> [EXERCISE INSTRUCTIONS]
Reproduce, exactly and in full, the lines from the one with "image for item" through the one with "Телевізори різні б у робочі" in the data below; drop pictures.

#### MATERIALS PROVIDED ####

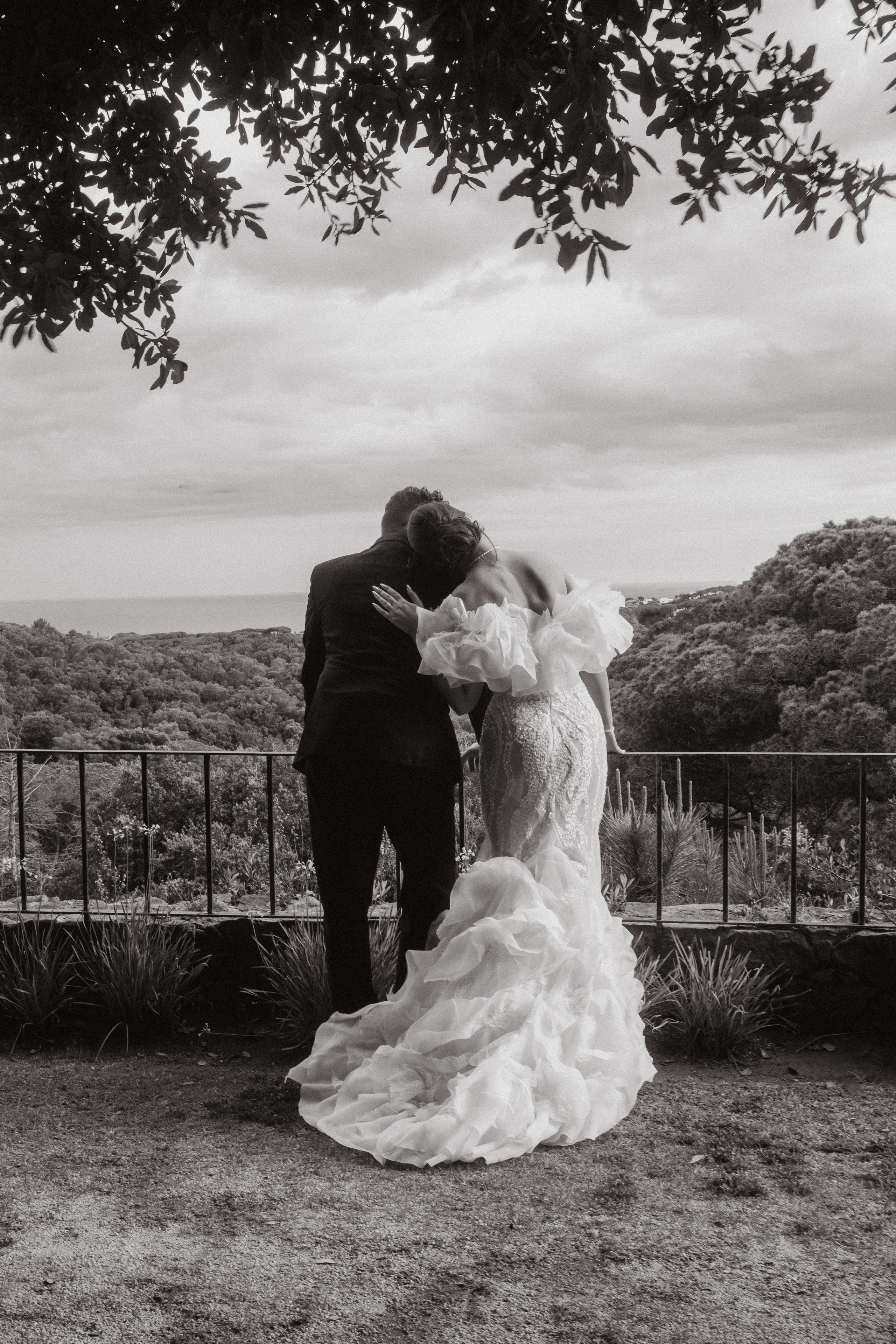 Katarzyna & Jan. Masia Santa Monica. Paola wedding photographer / videographer in Barcelona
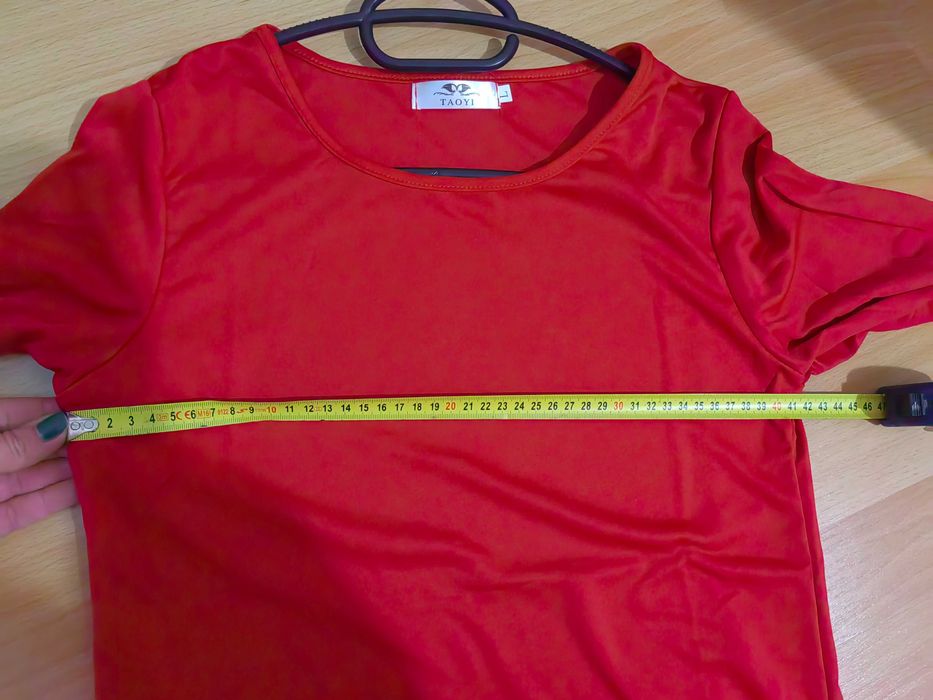 Стилна дамска рокля с панделка на ръкавите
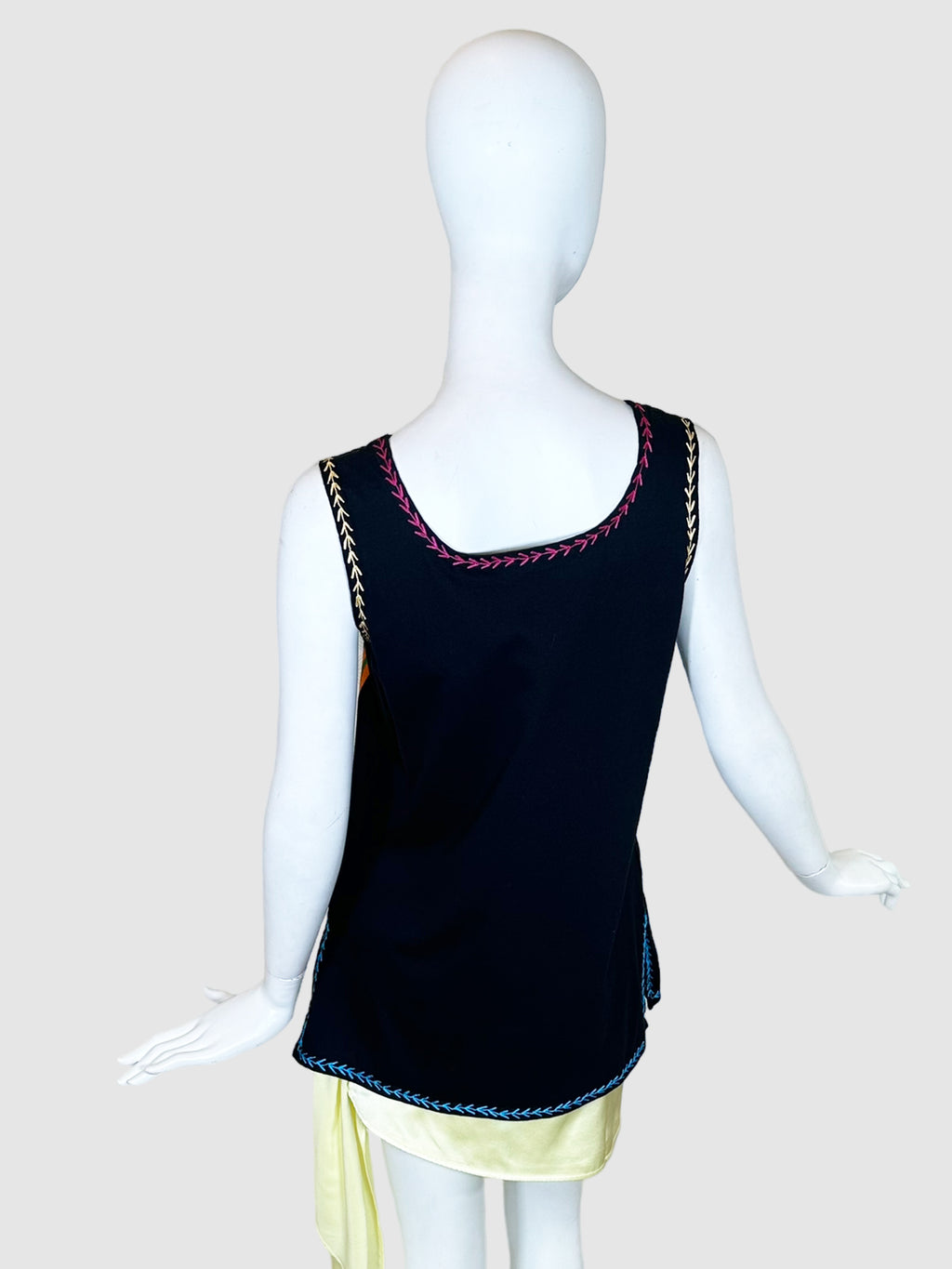 Logo Embroidered Details Sleeveless Top - Size S/M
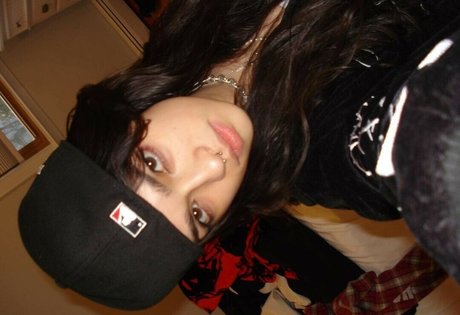 Ari Abdul art model pics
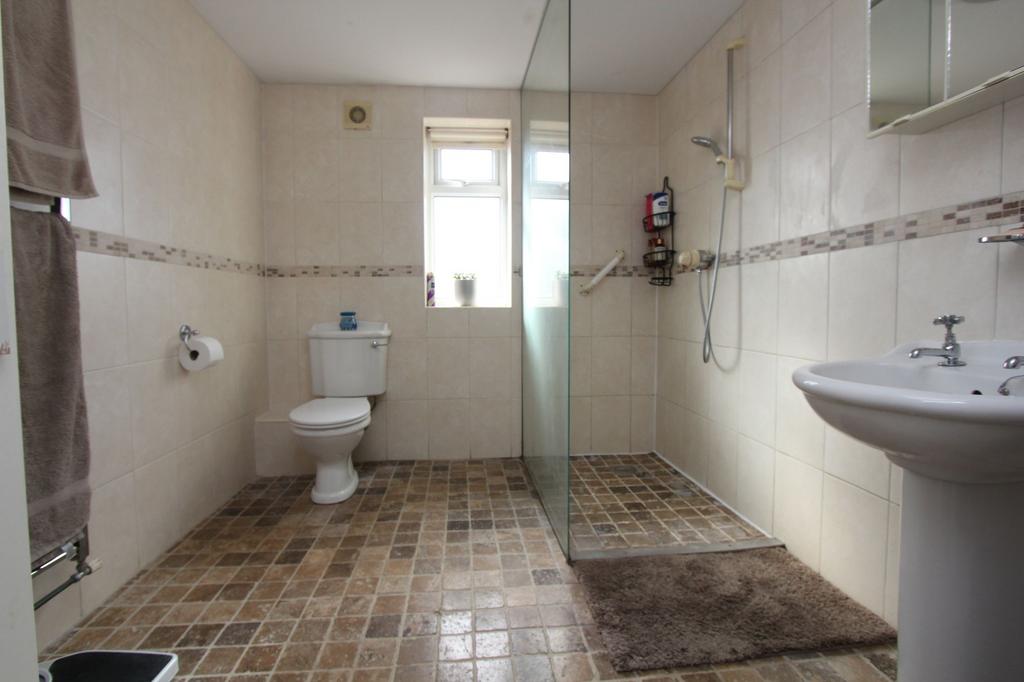 Shower Room/ WC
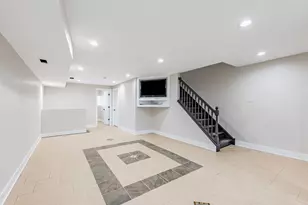 921 N Lorel Ave, Chicago, IL 60651 - Photo 27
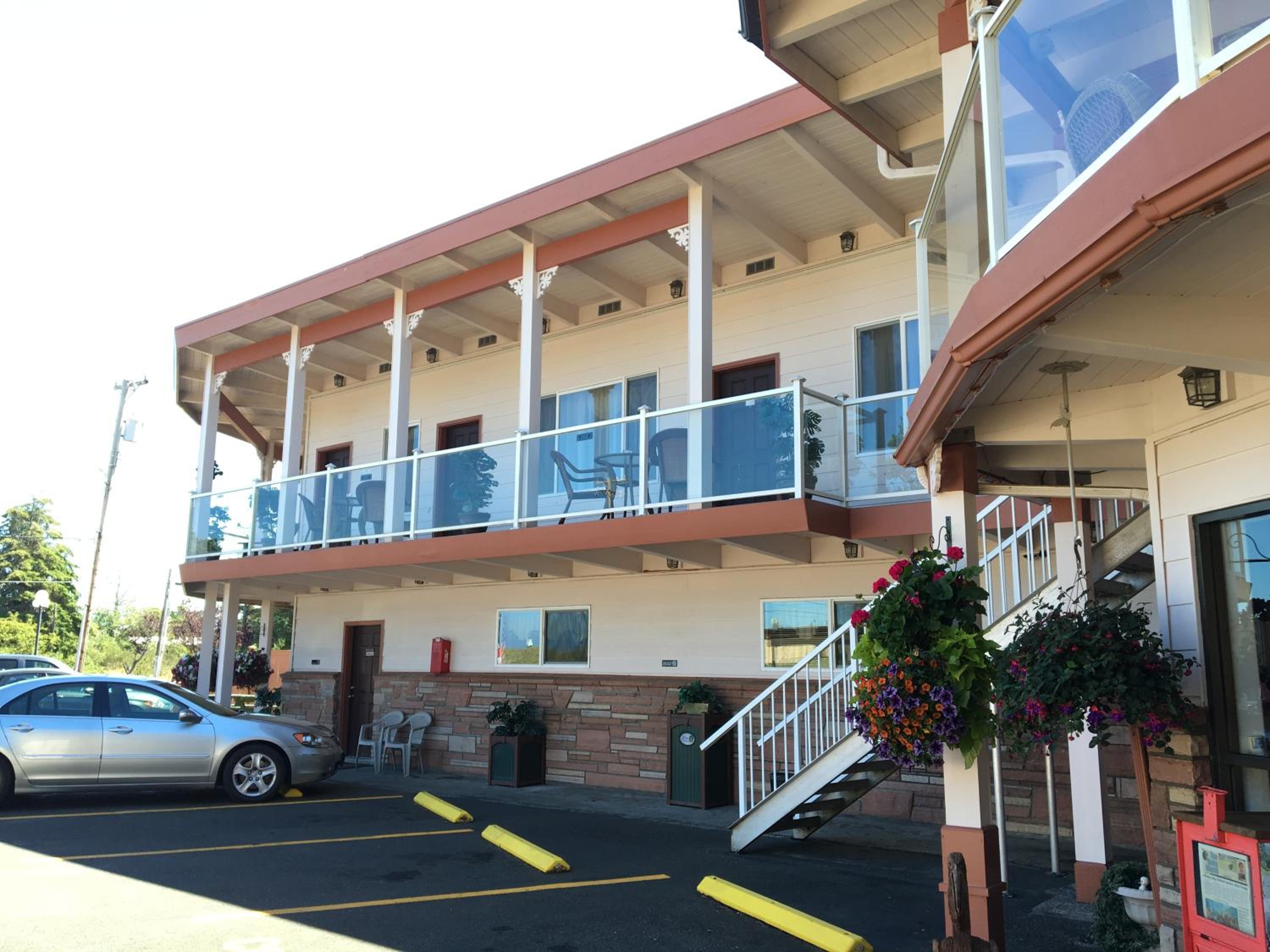 Breakers Boutique Inn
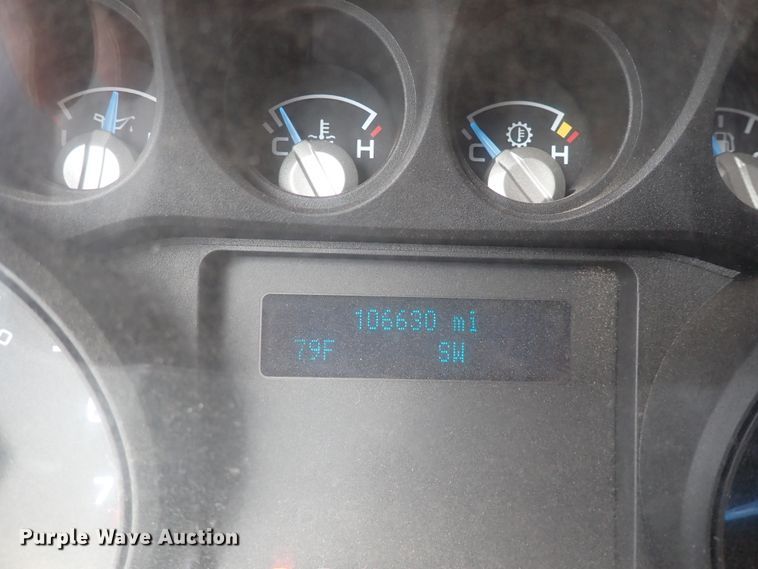 image for item DL7563 2016 Ford F250 Super Duty  Crew Cab pickup truck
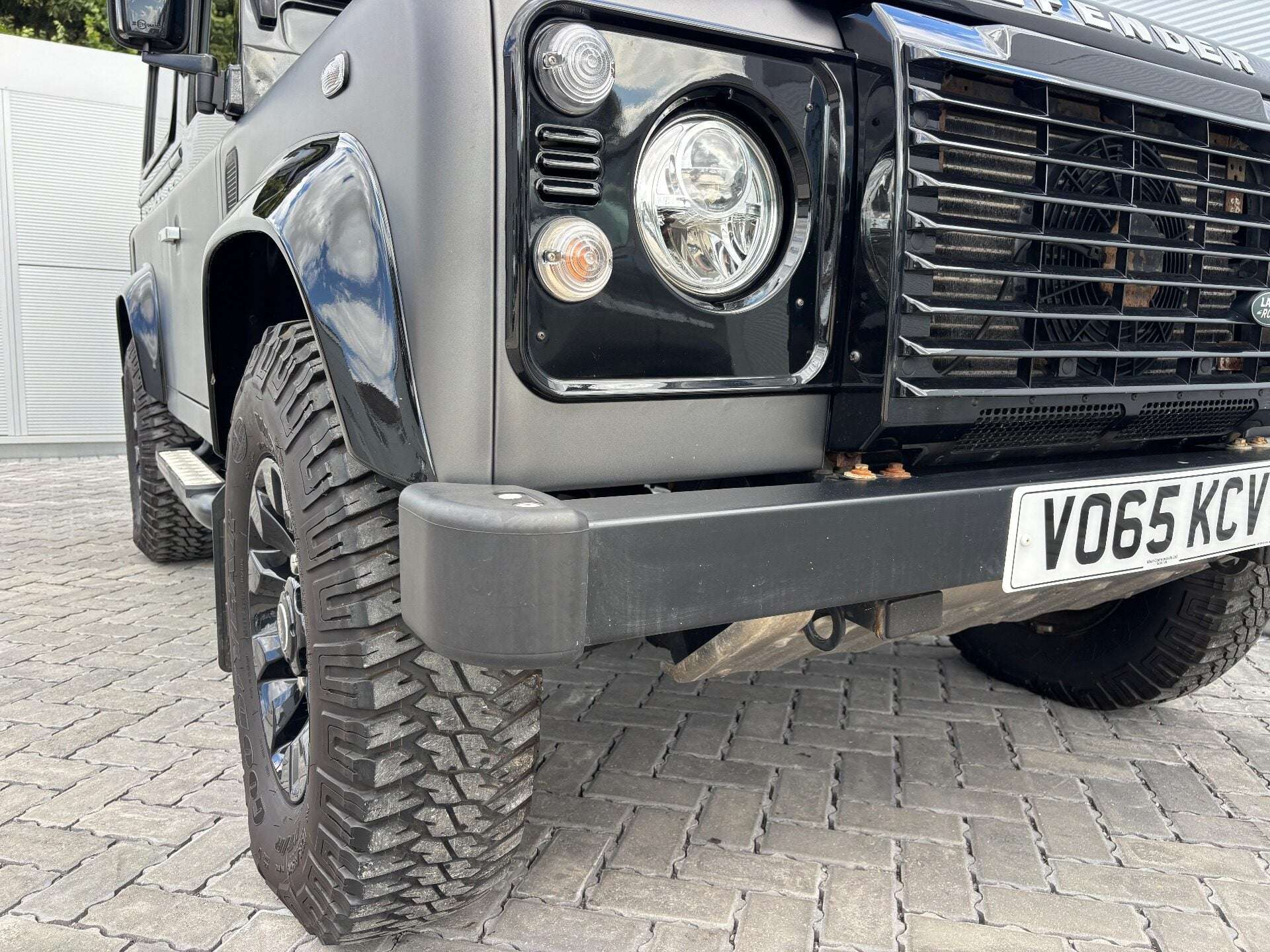 2015 LAND ROVER DEFENDER 90 2015 LAND ROVER DEFENDER 90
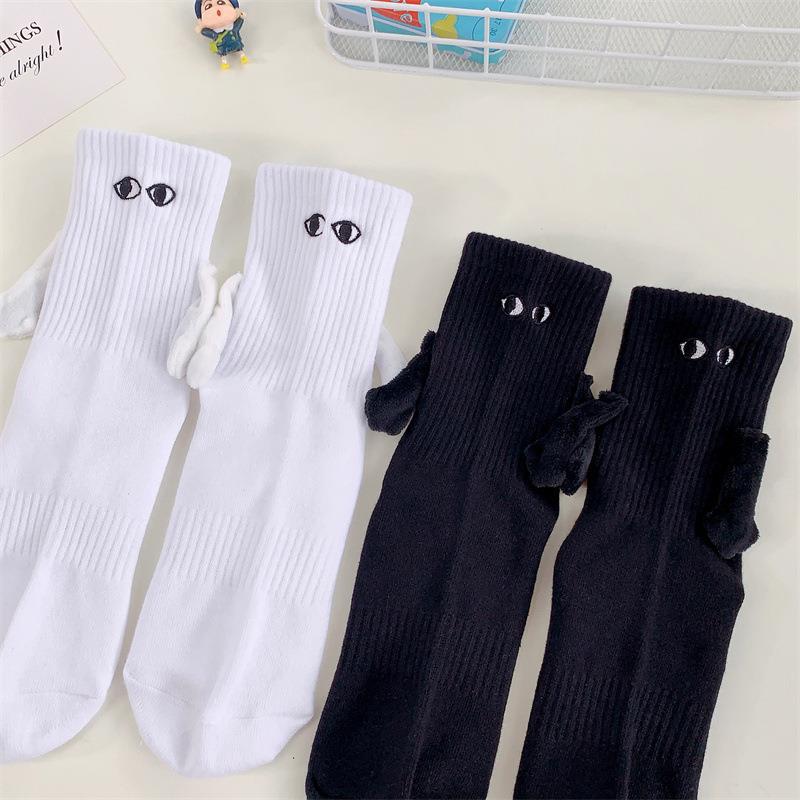 Magnetic Bonding Couple Socks Funny Hand Holding Mid Calf Pair Set Best Friends Sisters Lovers Matching Gift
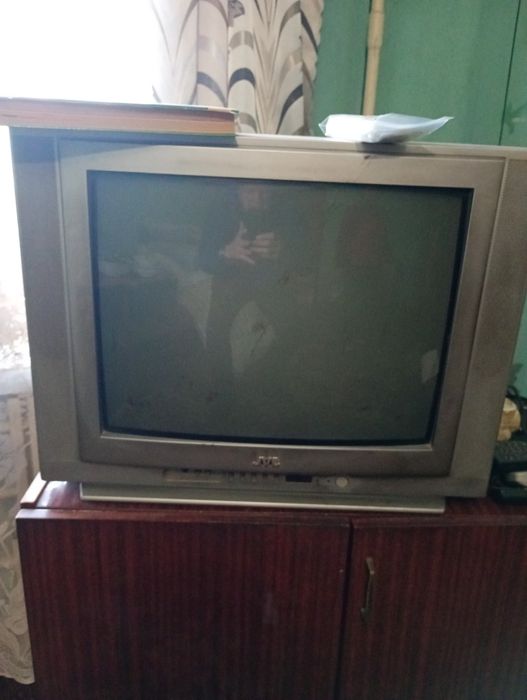 Телевізори різні б у робочі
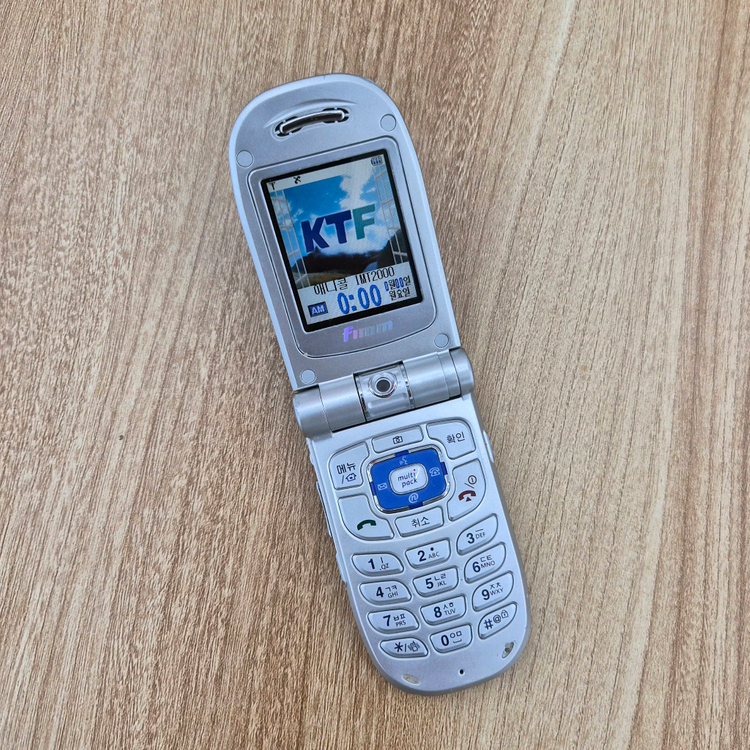올드폰 구형폰 옛날폰 피처폰 삼성애니콜 세븐폰 SPH-V4300 이미지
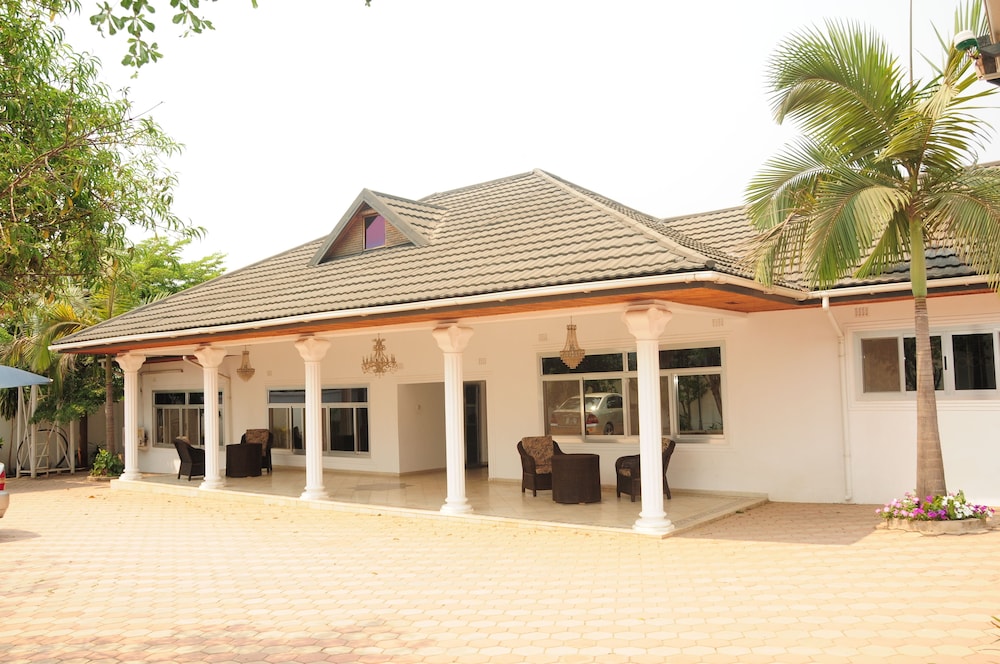 Melunah Lodge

####

> [OUTPUT FOR THIS EXERCISE]
 image for item DL7563 2016 Ford F250 Super Duty  Crew Cab pickup truck
 2015 LAND ROVER DEFENDER 90 2015 LAND ROVER DEFENDER 90
 Magnetic Bonding Couple Socks Funny Hand Holding Mid Calf Pair Set Best Friends Sisters Lovers Matching Gift
 Телевізори різні б у робочі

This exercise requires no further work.